Algunos críticos afirman que en tu libro Ser cristiano (1974) la divinidad de Jesús, su condición de Hijo de Dios, no queda suficientemente afirmada. Pienso que en esta cuestión existe un claro malentendido. Si algo me quedó claro cuando oía tus clases en Tubinga fue tu concentración cristológica, tu pasión por el misterio del vere Deus, vere homo (verdadero Dios, verdadero hombre). Nunca ocultaste que ves en Jesús un «plus», un «más escatológico», explicable sólo si Jesús tenía una unión especial con Dios, si era su Hijo. Siempre quisiste mantener la irrenunciable tensión existente en la doble afirmación del Evangelio de Juan: «El Padre y yo somos unos» y «El Padre es mayor que yo».
Lo que ocurre es que, en lugar de hacerlo con las palabras consagradas por la tradición, has querido verter esa verdad en fórmulas nuevas, asequibles al hombre de hoy. Y, efectivamente, muchos contemporáneos nuestros han redescubierto, a través de tu cristología, lo más genuino del misterio cristiano. Pienso que es fundamentalmente lícito, desde el punto de vista pastoral incluso obligatorio, realizar la labor que tú has emprendido. Antes que tú lo hicieron para su tiempo los apologetas del siglo II y otros muchos. El no hablar como se ha hablado siempre no significa, que no afirmemos los contenidos de siempre. Cada tiempo tiene que decirse a sí mismo de nuevo quién es Jesús para él.

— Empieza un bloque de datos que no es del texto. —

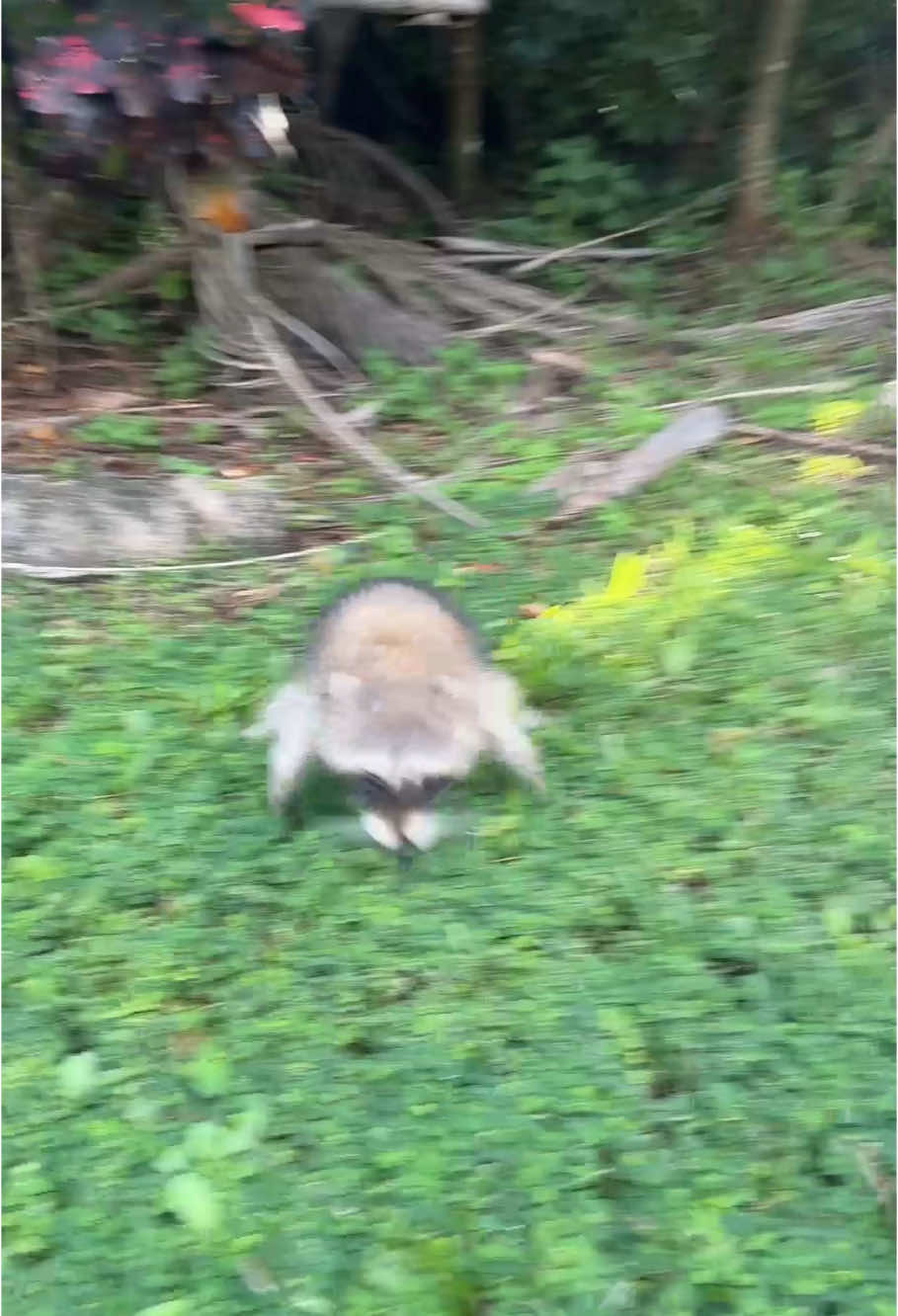 Raccoon #raccoon #raccoonsoftiktok ##funny #funnyvideos #animals #happy #pets #PetsOfTikTok #cute 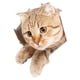 thumbnail image 1 of Pegatina Divertida Para Inodoro De Gato De Dibujos Animados, Funda Para Asiento De Inodoro, Pegatina Para Lavabo De Ba?o, 21cm X 23cm, 1 of 5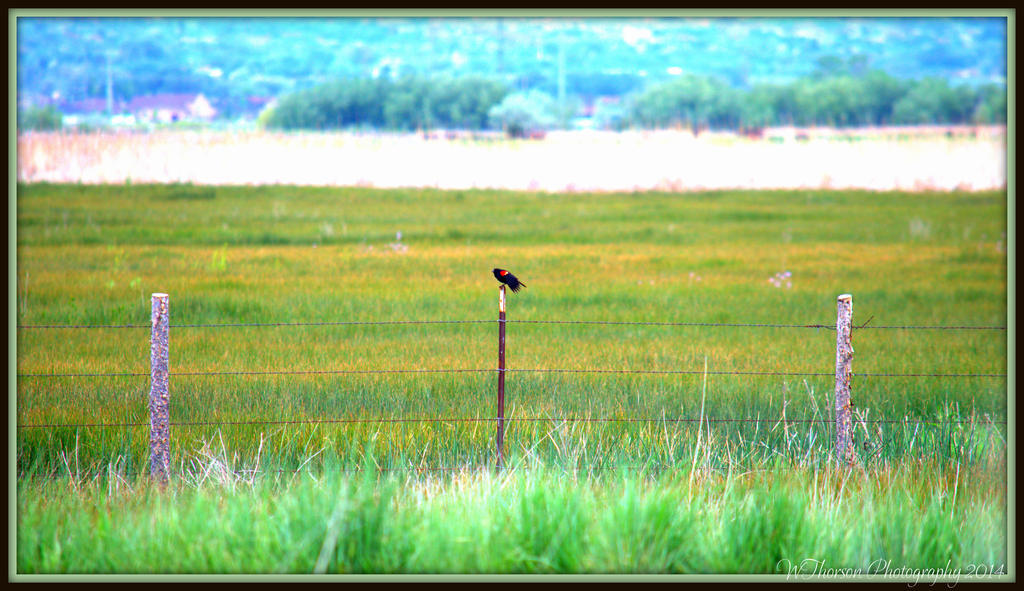 Red Wing Black Bird.jpg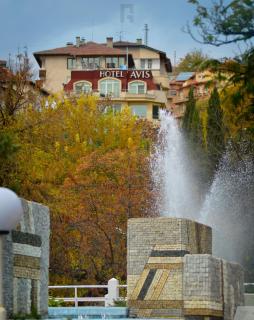 Hotel Avis - Sandanski - 3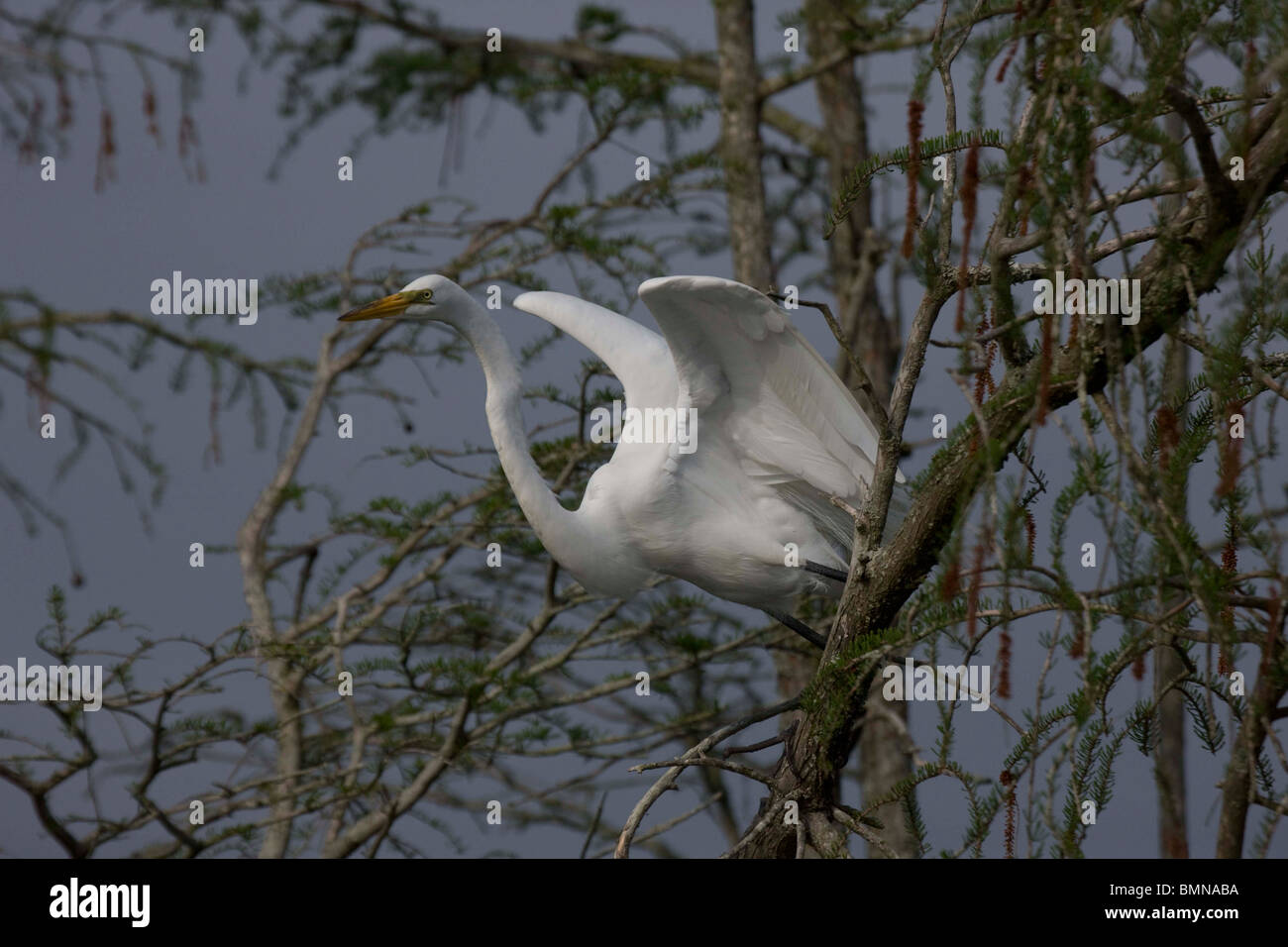 Große Silberreiher (Casmerodius Albus) Perched auf Baum Top - Louisiana - USA Stockfoto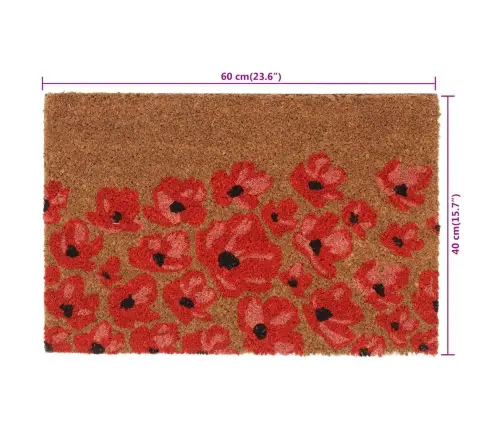 Durvju Paklājs, Dabīga Krāsa, 40X60 Cm, Pūkaina Kokosa Šķiedra Vidaxl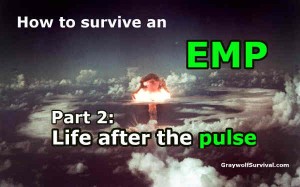 How to survive an EMP attack 2 life after the pulse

Es verdad que en tu cristología no partes de las definiciones de los concilios ni de las formulaciones abstractas, de cuño aristotélico, que subyacen a los importantes concilios de Nicea y Calcedonia. Pero lo que haces es, en mi opinión, legítimo: partir de Jesús de Nazaret, de su vida, de su predicación, de su ejecución por la autoridad religiosa y política. Analizas el universo religioso que Jesús relativizó: la ley, el templo, los dogmas, las interminables y atosigantes prescripciones rituales del judaísmo; insistes en la nueva escala de valores que inauguró: el amor, incluso al enemigo, la decantación por los pobres, por los marginados, por los pecadores, por lo no rentable. En la raíz de esa libertad, con la que Jesús sacudió los cimientos espirituales de su tiempo, descubres, como condición de posibilidad de todo lo demás, una relación personal, confiada, filial con Dios, a quien llama Abba, papaíto. Terminas así siendo fiel a la intención de los grandes concilios, aunque, por razones pastorales, no utilices su terminología.

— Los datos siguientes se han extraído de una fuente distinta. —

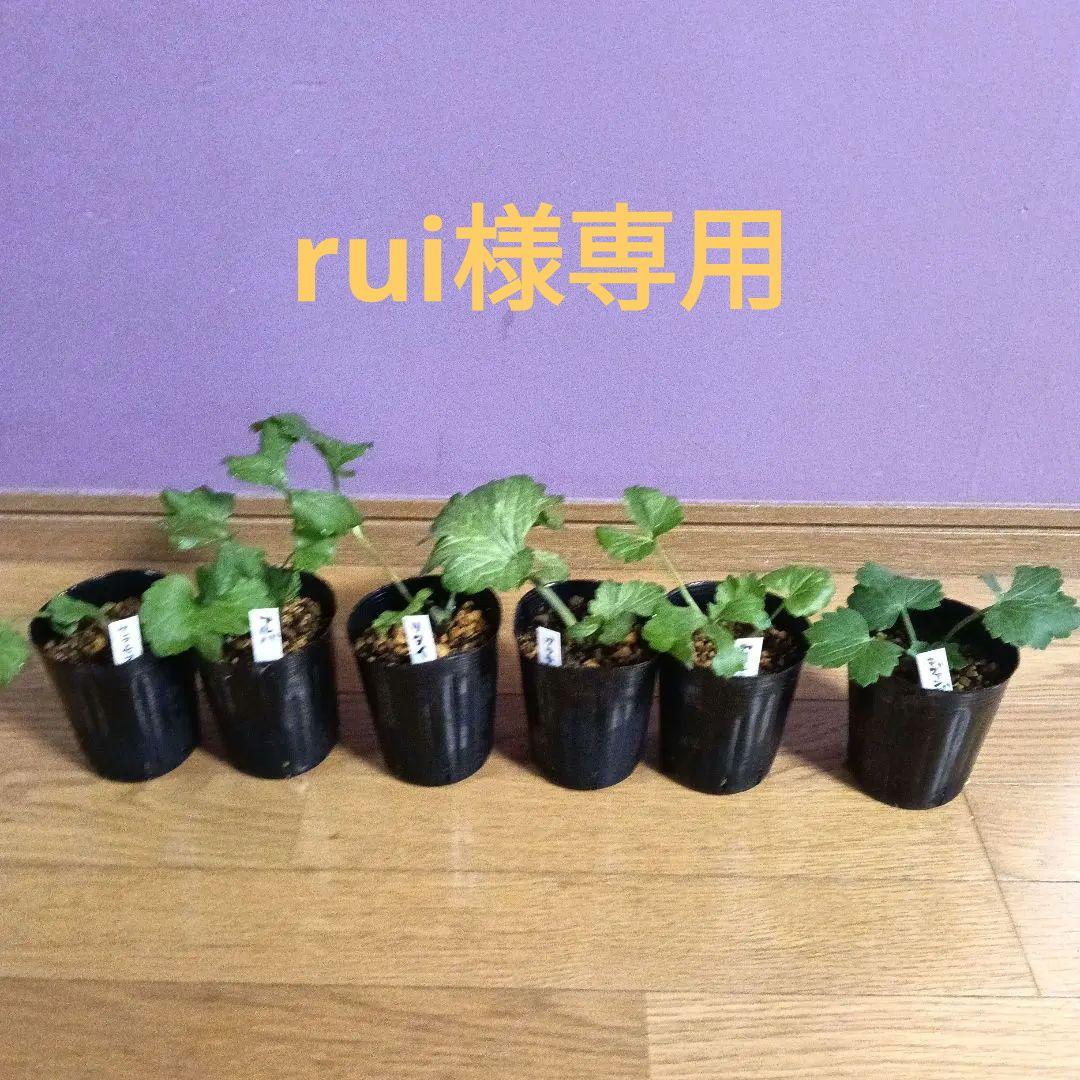 rui ラナンキュラスラックス 芽出し苗 6種セット！⑨⑪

No logro ver aquí nada más que un problema de lenguaje. En lugar de partir de unas formulaciones que pocos entenderían, te remontas a la odisea personal de Jesús para llegar, desde ella, a nuevas fórmulas que son fiel reflejo del espíritu de las antiguas, pero no repiten ni canonizan su letra. Algo necesario, si el cristianismo está llamado a ser oferta de sentido para las diversas culturas, que se van sucediendo a lo largo de la historia de la humanidad.
¿Se puede perder una cátedra y dejar de ser considerado teólogo católico por esto?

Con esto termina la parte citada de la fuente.